/ Panning Shots - 1st Attempt
This harder than I thought, especially when having to pan by hand as I had done a scholl boy error and left the camera - monopod interface at home - LOL.
Cool pictures mate.
What sort of shutter speeds where you using? And do you think the mono is essential?
Camera Canon EOS 7D
Exposure 0.01 sec (1/100)
Focal Length 83 mm
ISO Speed 100
the metadata is on flickr if you click the camera name on flickr (right hand side) :)
Nice work! It's all in the hips (and mode 2 IS)
Ninja skills start at around 1/10 or so...
Mono would have made things easier:
I've have fixed the height at which I was shooting - I was having to roughly sit the camera on my knee. However, after practice (there were 50ish riders) my technique did improve.
It would have been one less plane of motion to stabilize, and I may have got away with a slower shutter speed and more blur.
Cheers for the link & tip.
A couple more cycling shots - local MB event.
REALLY like the 2nd MB one! More please!
The panning ones are good as well! #overweightmiddleagedblokesonexpensivesbikes! ;-))
The theory is easy, the practice difficult! You simply select a relatively long shutter speed, and as your moving subject comes past you, you track it with your camera, while releasing the shutter. This produces movement artefact in the stationary background, but because your camera is following the moving subject, it remains in focus. Easier said than done!
A relatively high f number (small aperture) helps maintain depth of focus. It can help to prefocus on a spot you know the subject is going to travel through rather than relying on autofocus.
wouldn't you want smaller depth of field and hence a wider aperture?
> This harder than I thought, especially when having to pan by hand as I had done a scholl boy error and left the camera - monopod interface at home - LOL.

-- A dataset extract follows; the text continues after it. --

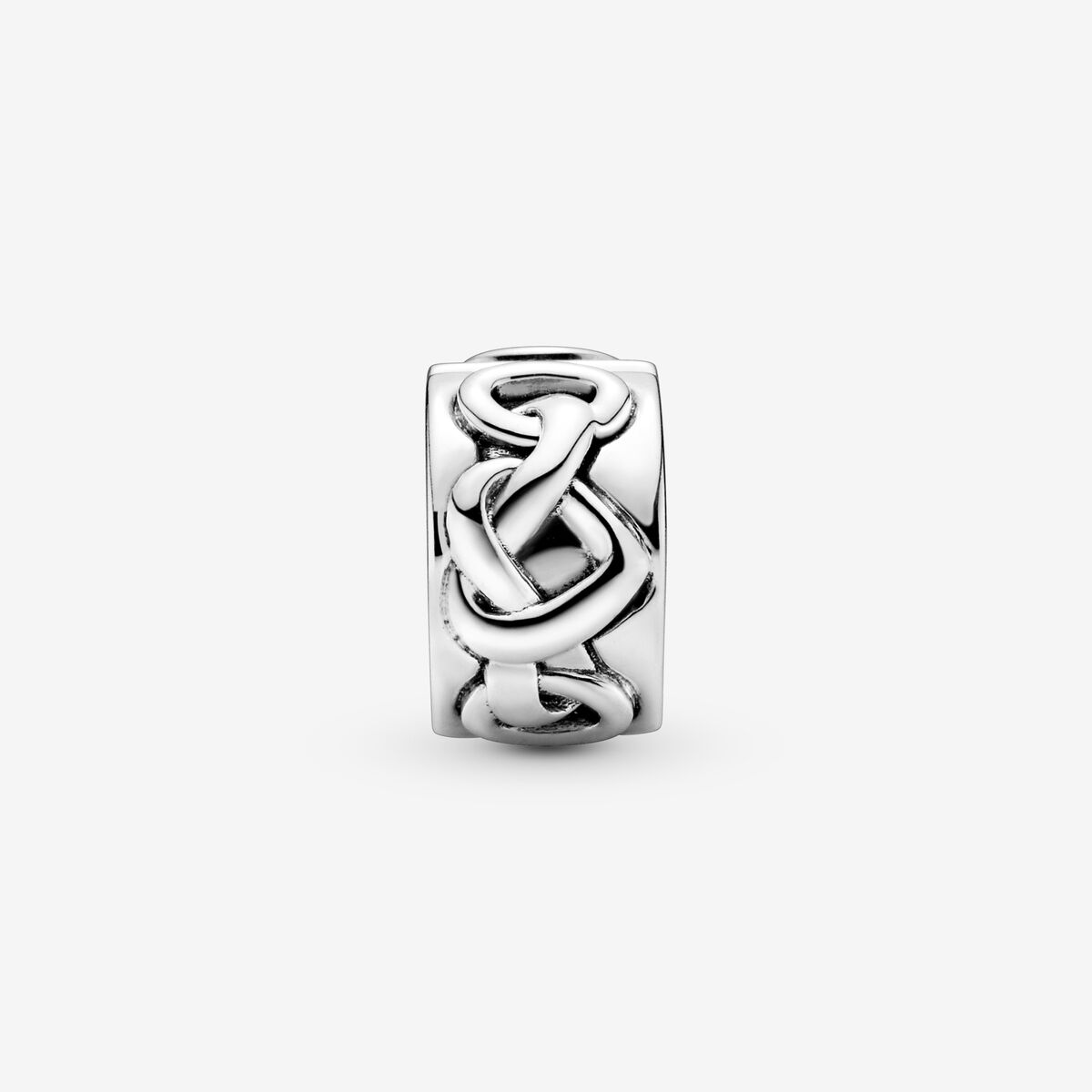 Knotted Hearts Clip Charm - Image 3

smaller (not the smallest!) aperture helps with keeping your subject in focus, as the subject is not a constant distance away from your camera if you are just panning to take a shot. It may also help keep your shutter time 'acceptably long' on a bright day to introduce motion artefact in the background
Getting the mix of aperture and shutter correct was a bit hit and miss as I hadn't researched this much, when the stream of shots are seen you can see how they improved with time.
What I did was:
Select a spot with the sun behind - lit the subjets nicely.
Used a low angle, i.e. sat on my bum (take a small cushion).
Used my knee as an ad-hoc monopod (this helps eliminate vertical movement), a proper monopod would have been better as I could have set it to the height I wanted (one thing to worry about).
Worked out where I was going to get the better shots along this section, tracked the incoming cyclists and fired away in sport mode just before they got to the sweet spot and kept going until they were out of. As the day wore on I found I was using this less and firing off one to two shots once got the hang of it.
I used spot focus in servo (continuosly adjusting) mode.